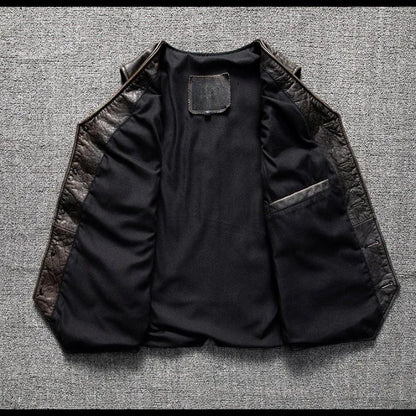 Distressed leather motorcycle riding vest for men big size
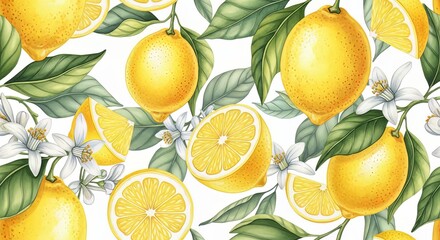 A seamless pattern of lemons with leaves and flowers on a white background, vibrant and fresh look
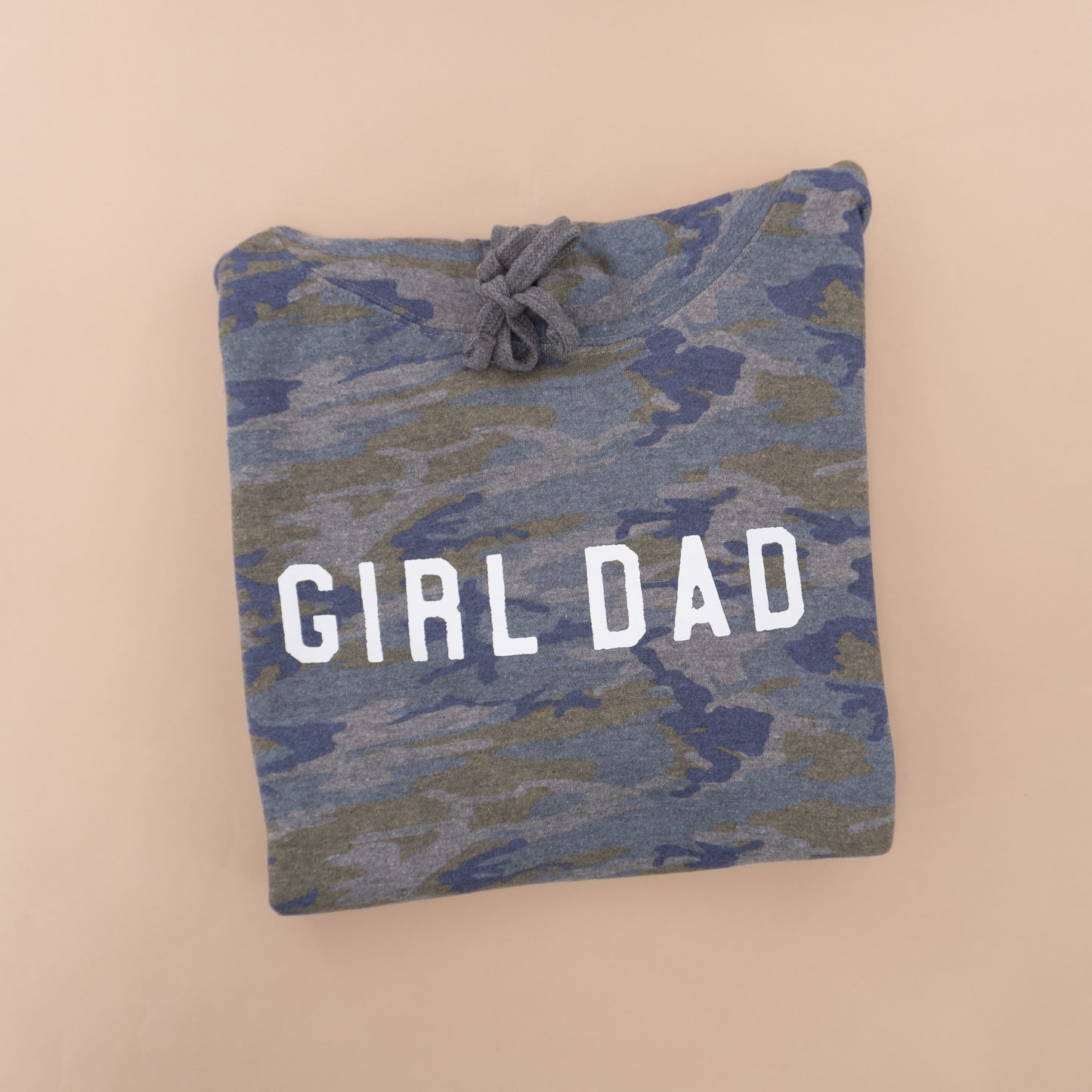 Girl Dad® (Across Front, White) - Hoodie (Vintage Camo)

☆ ☆ ☆ ☆ ☆ ☆ ☆

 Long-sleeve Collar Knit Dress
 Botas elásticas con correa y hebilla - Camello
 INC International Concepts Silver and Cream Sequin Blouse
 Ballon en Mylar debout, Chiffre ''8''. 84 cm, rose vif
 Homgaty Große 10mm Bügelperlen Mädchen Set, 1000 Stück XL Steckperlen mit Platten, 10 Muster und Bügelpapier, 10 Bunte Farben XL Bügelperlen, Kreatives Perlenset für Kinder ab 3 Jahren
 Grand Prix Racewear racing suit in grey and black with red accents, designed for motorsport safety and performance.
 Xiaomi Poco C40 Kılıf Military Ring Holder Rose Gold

☆ ☆ ☆ ☆ ☆ ☆ ☆

When you reach the line containing "Homgaty Große 10mm" in the data above, start copying exactly, and stop after the line containing "Xiaomi Poco C40".

 Homgaty Große 10mm Bügelperlen Mädchen Set, 1000 Stück XL Steckperlen mit Platten, 10 Muster und Bügelpapier, 10 Bunte Farben XL Bügelperlen, Kreatives Perlenset für Kinder ab 3 Jahren
 Grand Prix Racewear racing suit in grey and black with red accents, designed for motorsport safety and performance.
 Xiaomi Poco C40 Kılıf Military Ring Holder Rose Gold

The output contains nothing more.